##### LISTED ENTRIES #####
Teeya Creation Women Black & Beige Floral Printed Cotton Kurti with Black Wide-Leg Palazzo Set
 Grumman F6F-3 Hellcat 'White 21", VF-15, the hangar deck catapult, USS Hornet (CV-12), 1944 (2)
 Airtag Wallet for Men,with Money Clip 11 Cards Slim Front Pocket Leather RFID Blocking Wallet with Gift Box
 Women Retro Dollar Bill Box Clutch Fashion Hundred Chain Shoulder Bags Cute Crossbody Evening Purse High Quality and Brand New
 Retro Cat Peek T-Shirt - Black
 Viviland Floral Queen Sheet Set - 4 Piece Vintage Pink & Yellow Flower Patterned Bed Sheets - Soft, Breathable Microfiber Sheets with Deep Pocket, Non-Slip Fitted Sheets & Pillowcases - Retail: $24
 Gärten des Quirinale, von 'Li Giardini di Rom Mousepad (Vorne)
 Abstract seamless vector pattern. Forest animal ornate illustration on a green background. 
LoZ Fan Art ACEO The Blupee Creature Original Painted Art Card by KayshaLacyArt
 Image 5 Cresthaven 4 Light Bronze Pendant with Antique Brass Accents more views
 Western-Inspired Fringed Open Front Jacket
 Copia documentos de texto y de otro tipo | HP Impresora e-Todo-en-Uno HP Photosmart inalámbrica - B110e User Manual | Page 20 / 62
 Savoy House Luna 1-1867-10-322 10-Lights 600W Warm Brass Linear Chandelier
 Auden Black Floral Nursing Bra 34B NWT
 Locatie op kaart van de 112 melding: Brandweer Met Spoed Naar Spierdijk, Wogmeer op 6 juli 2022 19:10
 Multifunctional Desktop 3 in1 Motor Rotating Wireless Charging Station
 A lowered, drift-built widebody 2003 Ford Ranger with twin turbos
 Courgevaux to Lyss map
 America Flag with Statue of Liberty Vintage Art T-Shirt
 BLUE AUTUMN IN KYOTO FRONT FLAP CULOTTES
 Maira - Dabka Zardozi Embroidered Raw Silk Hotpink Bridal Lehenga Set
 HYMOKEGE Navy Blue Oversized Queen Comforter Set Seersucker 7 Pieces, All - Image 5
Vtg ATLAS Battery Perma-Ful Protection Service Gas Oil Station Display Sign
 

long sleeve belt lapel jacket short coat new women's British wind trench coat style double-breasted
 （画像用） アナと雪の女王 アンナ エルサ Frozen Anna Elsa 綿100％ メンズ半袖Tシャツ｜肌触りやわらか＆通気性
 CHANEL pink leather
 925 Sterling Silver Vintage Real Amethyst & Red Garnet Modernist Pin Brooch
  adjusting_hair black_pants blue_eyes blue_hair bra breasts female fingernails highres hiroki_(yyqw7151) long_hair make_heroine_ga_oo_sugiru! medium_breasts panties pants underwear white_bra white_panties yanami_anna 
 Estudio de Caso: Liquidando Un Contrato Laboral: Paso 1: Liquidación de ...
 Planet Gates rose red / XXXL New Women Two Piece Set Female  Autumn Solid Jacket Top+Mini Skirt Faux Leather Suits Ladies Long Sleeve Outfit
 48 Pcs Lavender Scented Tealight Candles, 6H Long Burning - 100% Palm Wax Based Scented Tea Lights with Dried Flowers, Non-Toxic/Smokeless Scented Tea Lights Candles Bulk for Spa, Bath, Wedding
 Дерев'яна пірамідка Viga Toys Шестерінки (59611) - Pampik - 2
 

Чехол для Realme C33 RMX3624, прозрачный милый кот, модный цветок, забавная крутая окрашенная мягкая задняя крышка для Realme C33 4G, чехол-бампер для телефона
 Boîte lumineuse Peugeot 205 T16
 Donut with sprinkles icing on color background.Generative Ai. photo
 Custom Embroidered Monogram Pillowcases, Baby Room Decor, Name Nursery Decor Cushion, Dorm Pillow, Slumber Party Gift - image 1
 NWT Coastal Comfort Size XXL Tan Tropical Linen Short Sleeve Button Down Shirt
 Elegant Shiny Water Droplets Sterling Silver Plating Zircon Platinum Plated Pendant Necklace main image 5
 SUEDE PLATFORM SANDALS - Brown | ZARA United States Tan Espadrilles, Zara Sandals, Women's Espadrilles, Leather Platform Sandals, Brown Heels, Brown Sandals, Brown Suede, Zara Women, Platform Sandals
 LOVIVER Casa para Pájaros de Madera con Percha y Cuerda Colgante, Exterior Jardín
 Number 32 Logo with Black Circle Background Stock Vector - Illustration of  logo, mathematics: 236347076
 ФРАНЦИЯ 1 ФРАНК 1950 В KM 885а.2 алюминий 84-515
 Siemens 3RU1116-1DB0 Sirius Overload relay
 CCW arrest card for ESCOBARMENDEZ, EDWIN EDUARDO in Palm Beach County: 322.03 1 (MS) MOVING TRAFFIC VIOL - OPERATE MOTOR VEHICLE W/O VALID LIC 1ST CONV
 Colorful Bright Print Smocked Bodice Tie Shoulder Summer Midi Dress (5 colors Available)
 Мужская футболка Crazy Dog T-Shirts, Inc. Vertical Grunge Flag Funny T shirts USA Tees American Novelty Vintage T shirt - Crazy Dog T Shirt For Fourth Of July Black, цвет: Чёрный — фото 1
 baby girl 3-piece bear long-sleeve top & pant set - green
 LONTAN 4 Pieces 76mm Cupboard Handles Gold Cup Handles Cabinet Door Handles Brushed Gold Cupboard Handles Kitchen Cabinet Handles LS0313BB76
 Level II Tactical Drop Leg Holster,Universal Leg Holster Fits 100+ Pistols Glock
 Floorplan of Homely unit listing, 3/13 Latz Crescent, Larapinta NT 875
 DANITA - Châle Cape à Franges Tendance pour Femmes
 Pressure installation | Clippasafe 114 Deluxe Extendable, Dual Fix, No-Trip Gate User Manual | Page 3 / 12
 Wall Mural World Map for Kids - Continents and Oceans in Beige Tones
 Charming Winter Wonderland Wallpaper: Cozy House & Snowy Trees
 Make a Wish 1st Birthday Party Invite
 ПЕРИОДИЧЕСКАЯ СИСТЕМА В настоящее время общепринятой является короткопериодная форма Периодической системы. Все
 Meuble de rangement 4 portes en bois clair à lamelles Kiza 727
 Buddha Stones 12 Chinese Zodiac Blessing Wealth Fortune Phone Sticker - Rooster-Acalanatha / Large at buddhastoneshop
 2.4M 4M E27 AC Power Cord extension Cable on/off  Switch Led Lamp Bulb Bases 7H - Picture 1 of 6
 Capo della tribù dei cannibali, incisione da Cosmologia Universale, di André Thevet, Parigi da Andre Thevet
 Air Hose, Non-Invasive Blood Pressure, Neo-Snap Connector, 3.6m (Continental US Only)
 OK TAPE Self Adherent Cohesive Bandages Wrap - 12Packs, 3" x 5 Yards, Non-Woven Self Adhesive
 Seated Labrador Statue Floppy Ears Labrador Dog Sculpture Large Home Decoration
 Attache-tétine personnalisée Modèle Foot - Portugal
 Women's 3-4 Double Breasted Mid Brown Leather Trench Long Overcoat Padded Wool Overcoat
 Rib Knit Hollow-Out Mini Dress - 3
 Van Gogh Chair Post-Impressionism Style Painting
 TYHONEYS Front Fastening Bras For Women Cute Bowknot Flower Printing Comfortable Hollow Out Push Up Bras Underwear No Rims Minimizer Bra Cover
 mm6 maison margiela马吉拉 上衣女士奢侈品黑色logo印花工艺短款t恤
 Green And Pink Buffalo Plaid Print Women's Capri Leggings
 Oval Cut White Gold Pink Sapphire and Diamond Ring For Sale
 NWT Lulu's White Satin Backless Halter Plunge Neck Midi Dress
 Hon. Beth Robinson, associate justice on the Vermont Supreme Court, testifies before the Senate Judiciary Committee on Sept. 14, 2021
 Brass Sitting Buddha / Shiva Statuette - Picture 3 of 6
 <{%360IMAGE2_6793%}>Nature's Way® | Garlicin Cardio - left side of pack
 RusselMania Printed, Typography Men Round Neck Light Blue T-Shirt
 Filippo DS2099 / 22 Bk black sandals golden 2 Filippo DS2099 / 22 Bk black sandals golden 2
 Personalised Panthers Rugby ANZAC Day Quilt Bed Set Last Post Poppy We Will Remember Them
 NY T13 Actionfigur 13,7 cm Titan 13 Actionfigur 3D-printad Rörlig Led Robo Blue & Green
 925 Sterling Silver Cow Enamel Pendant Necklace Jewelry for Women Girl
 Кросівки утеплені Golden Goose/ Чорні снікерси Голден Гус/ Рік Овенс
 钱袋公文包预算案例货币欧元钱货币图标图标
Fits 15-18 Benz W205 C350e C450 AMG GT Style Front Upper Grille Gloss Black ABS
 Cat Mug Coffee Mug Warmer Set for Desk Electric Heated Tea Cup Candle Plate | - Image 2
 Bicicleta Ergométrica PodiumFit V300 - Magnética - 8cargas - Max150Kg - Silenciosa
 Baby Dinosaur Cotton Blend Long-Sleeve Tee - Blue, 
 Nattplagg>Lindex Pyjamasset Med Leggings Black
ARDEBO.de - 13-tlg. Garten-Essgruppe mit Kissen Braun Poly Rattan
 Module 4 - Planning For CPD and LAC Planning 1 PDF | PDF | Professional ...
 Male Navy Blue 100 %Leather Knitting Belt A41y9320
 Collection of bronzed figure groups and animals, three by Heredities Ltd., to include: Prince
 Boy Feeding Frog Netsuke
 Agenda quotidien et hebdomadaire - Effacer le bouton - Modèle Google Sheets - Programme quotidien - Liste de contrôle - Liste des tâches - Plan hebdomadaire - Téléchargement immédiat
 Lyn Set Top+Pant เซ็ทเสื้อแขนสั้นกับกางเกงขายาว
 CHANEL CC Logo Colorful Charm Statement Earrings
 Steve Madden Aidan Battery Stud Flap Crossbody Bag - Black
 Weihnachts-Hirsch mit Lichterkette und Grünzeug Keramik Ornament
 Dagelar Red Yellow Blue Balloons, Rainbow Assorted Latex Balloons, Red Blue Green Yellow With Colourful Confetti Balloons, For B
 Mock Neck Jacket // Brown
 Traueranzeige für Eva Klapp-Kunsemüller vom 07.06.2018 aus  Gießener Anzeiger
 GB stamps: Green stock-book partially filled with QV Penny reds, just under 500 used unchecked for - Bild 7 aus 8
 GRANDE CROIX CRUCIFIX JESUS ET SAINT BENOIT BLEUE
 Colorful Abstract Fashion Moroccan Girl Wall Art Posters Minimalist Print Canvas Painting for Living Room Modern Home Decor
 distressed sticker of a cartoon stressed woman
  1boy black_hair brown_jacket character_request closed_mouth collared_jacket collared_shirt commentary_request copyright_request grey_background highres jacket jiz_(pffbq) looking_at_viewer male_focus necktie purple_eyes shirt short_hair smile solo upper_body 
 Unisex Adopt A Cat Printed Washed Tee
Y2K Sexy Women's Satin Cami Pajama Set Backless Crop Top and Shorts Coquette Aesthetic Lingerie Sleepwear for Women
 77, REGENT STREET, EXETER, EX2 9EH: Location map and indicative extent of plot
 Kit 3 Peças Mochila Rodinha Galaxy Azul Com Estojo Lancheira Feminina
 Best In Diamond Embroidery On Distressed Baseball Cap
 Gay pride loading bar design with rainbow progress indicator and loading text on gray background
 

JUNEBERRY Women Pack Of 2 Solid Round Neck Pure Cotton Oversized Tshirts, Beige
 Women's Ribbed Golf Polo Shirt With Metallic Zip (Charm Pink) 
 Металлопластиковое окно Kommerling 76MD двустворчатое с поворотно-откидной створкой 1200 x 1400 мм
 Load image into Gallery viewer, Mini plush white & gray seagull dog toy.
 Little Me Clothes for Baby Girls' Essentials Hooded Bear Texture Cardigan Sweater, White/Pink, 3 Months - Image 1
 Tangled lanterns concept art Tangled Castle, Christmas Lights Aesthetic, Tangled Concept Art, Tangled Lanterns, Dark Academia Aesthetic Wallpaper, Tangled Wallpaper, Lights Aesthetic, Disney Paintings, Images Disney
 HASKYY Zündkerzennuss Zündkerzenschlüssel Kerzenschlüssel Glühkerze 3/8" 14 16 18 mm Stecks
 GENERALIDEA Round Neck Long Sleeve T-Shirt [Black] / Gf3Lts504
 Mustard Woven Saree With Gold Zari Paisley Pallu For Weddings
#####
Look above for the line with "NWT Coastal Comfort" and the line with "SUEDE PLATFORM SANDALS". Write out those two lines and all the lines between them, exactly, and no others.

— EXERCISE SOLUTION —
 NWT Coastal Comfort Size XXL Tan Tropical Linen Short Sleeve Button Down Shirt
 Elegant Shiny Water Droplets Sterling Silver Plating Zircon Platinum Plated Pendant Necklace main image 5
 SUEDE PLATFORM SANDALS - Brown | ZARA United States Tan Espadrilles, Zara Sandals, Women's Espadrilles, Leather Platform Sandals, Brown Heels, Brown Sandals, Brown Suede, Zara Women, Platform Sandals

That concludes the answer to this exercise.